Ils sont donc là, exactement là, au mètre près, la technologie ayant confirmé l’intuition humaine. A mi-flanc de la colline de Craonne, 20 mètres sous cette lourde terre de l’Aisne, recouverts d’un épais linceul de calcaire et de sable, attendent quelque 250 corps de soldats allemands, emmurés dans un tunnel il y a un siècle. La position et l’existence même de ce souterrain ont longtemps été un mystère. Une énigme enfin résolue dans des conditions assez peu orthodoxes, qui sont une histoire dans l’histoire.
En contrebas de cette butte, il ne reste rien de l’ancien village de Craonne, arasé pierre à pierre en mai 1917, les maisons enfoncées dans la terre par les volées d’obus comme des clous sous les coups du marteau. Dans ce qui est devenu une épaisse forêt, parée de ses couleurs automnales, il faut un effort d’imagination et des photos d’époque pour reconstituer les pentes pelées, plantées de sinistres bâtons calcinés qui avaient été des troncs d’arbre. Pour deviner, aux ondoiements du sol dans les épais taillis, le décor lunaire, semé de cratères de bombes. Pour renifler au lieu des senteurs de végétation, celles de la poudre, de l’acier en fusion et des corps en décomposition. Au silence, seulement perturbé par le crissement des feuilles mortes, il faut arracher le fracas des explosions et les appels à l’aide des blessés.

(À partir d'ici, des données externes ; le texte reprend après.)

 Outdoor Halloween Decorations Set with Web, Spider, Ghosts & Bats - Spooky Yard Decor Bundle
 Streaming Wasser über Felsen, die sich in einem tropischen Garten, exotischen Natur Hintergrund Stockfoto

Ici, sur ce que les habitants appelaient avant la Grande Guerre le « plateau de Californie » et que les soldats allemands rebaptisèrent le « Winterberg » en y creusant leurs défenses, les vagues d’assaut françaises se sont fait hacher par les mitrailleuses ennemies au printemps 1917. Ce carnage fera naître un profond désespoir, qu’un poilu anonyme mettra en rimes dans la célèbre Chanson de Craonne.
« C’est à Craonne sur le plateau/
Qu’on doit laisser sa peau/
Car nous sommes tous des condamnés/
C’est nous les sacrifiés »
D’un tunnel à l’autre
Le calvaire de ces sacrifiés, de tous ces condamnés, Alain Malinowski, 63 ans, en a fait une dévorante passion. Conducteur de métro à Paris, il passait ses heures creuses dans les archives militaires du château de Vincennes depuis le début des années 1980. Là, il se plongeait avec rage dans les cartons gorgés de douleur et d’héroïsme, lisant et relisant, photocopiant à la chaîne, ces documents emplis de peine et de poussière.
Dans les quatre années de la Grande Guerre, Alain Malinowski s’intéressait plus particulièrement à l’offensive du Chemin des Dames, lancée le 16 avril 1917. Sans doute parce que cette boucherie, ordonnée par le général Nivelle et poursuivie jusqu’en juin avec une obstination criminelle, cette tuerie qui a emporté autant de Français que d’Allemands, dans une comptabilité que les historiens peinent encore à mesurer (officiellement, 200 000 hommes de chaque côté), porte en elle la quintessence et l’abîme de cette guerre, tissée de grandeur et d’absurdité.